● WHAT THE TASK ASKS
For every record that follows, write out the text exactly and omit the picture, if one is present.

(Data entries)

- - -

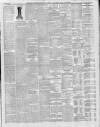 Derbyshire Courier Saturday 02 June 1849 Page 3
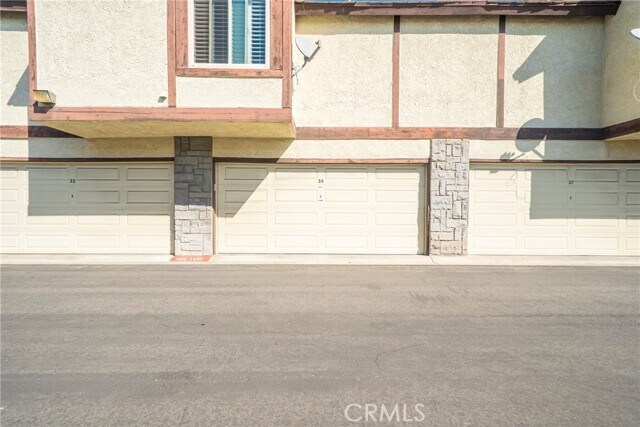 Building Photo - 12432 Bay Hill Ct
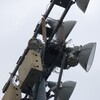 探しても見つからない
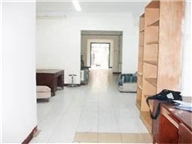 �����������̳���[�ӱ���]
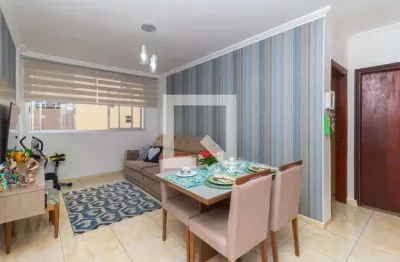 Apartamento com 1 quarto à venda na Rua Eça de Queiroz, 778, Vila Mariana, São Paulo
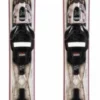 Rossignol Experience 76 W All-mountain Ski 2022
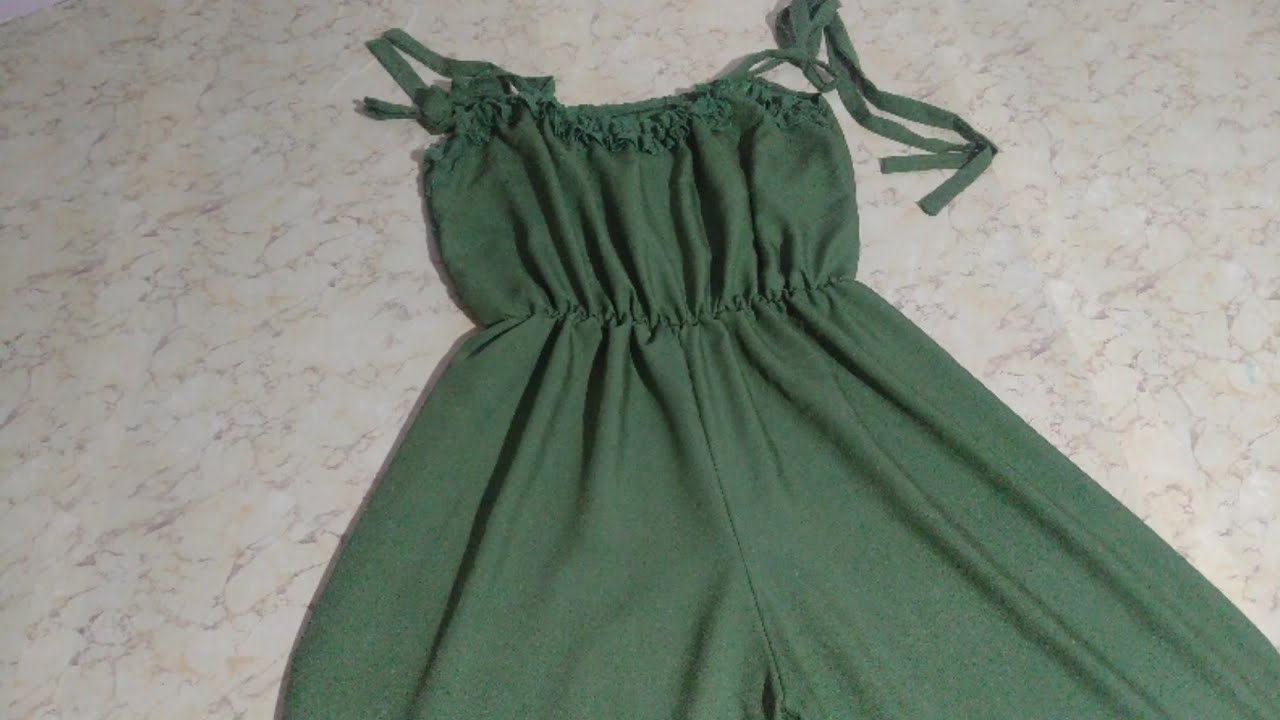 دلعي نفسك سالوبيت رائع للبيت مقاس 2xl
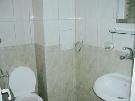 Bulharsko - Pr�morsko - Hotel Meteora**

- - -

● SOLUTION FOR THIS PROBLEM
 Derbyshire Courier Saturday 02 June 1849 Page 3
 Building Photo - 12432 Bay Hill Ct
 探しても見つからない
 �����������̳���[�ӱ���]
 Apartamento com 1 quarto à venda na Rua Eça de Queiroz, 778, Vila Mariana, São Paulo
 Rossignol Experience 76 W All-mountain Ski 2022
 دلعي نفسك سالوبيت رائع للبيت مقاس 2xl
 Bulharsko - Pr�morsko - Hotel Meteora**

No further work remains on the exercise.